窗缝里灌进的风卷着墨香,将他的青衫吹得紧贴脊背,砚台里的墨汁己结出薄冰。
“咚——”贡院正门的云板响了,八千举子的号舍同时亮起灯。
化煜田活动着发麻的手指,看见邻号的考生正在往袖口塞纸片,墨字在月光下泛着贼光。
他摸了摸腰间的玉扳指,冰凉的触感提醒他,这是他第三次赴京会试,也是最后一次——母亲临终前说,若再落第,便回家娶亲,守着三亩薄田度日。
卯初刻,策论交卷。
化煜田走出号舍,正撞见郑三位被一群举子簇拥着,月白长衫换了湖蓝云锦,腰间玉佩换成了羊脂玉扳指——与他藏在荷包里的那半枚极为相似。
“化兄,昨夜可曾睡好?”
郑三位含笑拱手,袖口露出半方绣着“广源号”的帕子,“听闻你那篇《盐政十弊》写得剜骨见血,周某若为主考,定要拍案叫绝。”
化煜田注意到“周某”二字说得极重,想起前日在琉璃厂遇见的书商,曾悄悄告诉他,主考官户部侍郎周培公与扬州盐商过从甚密,郑府每年中秋都会往周府送二十箱淮盐。
“不过是书生狂言。”
化煜田淡淡一笑,目光落在郑三位的扳指上,“郑兄这扳指,倒是与在下祖传的半枚有些相似。”

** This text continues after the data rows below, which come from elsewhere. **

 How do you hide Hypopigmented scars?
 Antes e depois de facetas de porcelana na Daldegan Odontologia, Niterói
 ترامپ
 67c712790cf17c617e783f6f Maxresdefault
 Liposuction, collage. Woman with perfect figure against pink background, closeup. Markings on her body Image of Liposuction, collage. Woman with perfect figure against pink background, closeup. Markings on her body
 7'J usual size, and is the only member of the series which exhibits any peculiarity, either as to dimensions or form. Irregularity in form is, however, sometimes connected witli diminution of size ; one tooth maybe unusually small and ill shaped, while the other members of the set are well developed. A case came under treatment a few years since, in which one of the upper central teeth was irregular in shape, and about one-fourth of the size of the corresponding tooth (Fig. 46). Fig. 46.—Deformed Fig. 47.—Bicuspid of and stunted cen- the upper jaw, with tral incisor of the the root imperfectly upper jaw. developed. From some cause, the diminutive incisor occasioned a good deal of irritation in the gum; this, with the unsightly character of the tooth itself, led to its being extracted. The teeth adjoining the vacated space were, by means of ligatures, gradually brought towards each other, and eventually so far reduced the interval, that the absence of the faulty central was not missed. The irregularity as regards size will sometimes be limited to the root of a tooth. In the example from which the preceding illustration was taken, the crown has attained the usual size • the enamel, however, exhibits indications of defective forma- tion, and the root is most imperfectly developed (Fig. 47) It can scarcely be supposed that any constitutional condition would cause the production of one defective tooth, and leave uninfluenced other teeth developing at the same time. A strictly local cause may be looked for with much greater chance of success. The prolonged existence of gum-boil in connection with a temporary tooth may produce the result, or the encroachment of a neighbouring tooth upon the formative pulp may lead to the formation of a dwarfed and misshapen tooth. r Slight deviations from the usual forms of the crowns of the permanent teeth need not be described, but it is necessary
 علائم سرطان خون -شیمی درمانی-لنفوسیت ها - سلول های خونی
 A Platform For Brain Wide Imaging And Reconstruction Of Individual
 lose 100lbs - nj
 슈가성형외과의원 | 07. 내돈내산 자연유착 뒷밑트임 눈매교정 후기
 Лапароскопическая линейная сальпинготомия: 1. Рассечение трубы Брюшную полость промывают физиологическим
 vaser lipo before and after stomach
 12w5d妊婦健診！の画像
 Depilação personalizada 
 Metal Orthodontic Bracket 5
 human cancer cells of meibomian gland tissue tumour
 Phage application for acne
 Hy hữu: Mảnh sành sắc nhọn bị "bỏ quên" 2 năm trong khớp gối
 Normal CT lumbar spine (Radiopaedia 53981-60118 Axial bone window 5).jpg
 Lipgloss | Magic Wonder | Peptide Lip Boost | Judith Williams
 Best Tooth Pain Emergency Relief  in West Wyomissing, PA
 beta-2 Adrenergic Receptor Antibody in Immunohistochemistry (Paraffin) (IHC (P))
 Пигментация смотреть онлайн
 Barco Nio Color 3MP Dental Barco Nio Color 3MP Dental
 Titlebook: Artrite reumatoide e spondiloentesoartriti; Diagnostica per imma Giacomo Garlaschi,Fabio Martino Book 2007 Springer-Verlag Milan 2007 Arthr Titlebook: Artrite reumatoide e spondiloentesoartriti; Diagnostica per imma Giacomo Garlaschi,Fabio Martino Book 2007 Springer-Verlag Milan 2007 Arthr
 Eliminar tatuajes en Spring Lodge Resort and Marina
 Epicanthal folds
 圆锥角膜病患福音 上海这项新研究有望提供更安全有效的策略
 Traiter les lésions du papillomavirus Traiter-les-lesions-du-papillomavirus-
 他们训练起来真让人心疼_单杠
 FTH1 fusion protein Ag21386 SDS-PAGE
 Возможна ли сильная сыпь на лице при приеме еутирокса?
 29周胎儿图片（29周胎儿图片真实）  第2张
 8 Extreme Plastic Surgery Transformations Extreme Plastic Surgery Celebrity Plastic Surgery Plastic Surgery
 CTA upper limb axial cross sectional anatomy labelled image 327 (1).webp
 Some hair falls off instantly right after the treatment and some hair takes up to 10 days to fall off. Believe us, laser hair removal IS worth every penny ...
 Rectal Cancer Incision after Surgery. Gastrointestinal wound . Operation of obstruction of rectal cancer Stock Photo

郑三位的瞳孔骤缩,随即笑道:“化兄说笑了,此乃家母所赠,刻的是‘利涉大川’西字。”
他转动扳指,露出内侧的隶书,却在化煜田要细看时,突然被人喊住:“郑大少爷,周大人有请!”
望着郑三位被前呼后拥着离开,化煜田摸了摸荷包里的半枚扳指,指尖触到刻痕——那是祖父临终前告诉他的,扳指原是一对,另半枚在一位同年手中,那人曾与祖父共赴科场,却在官场上分道扬镳。
殿试在三天后。
金銮殿上,化煜田跪在丹墀下,望着御座上的嘉庆帝,突然想起冀州盐枭首领的眼睛——同样是在黑暗中闪烁着对公平的渴望。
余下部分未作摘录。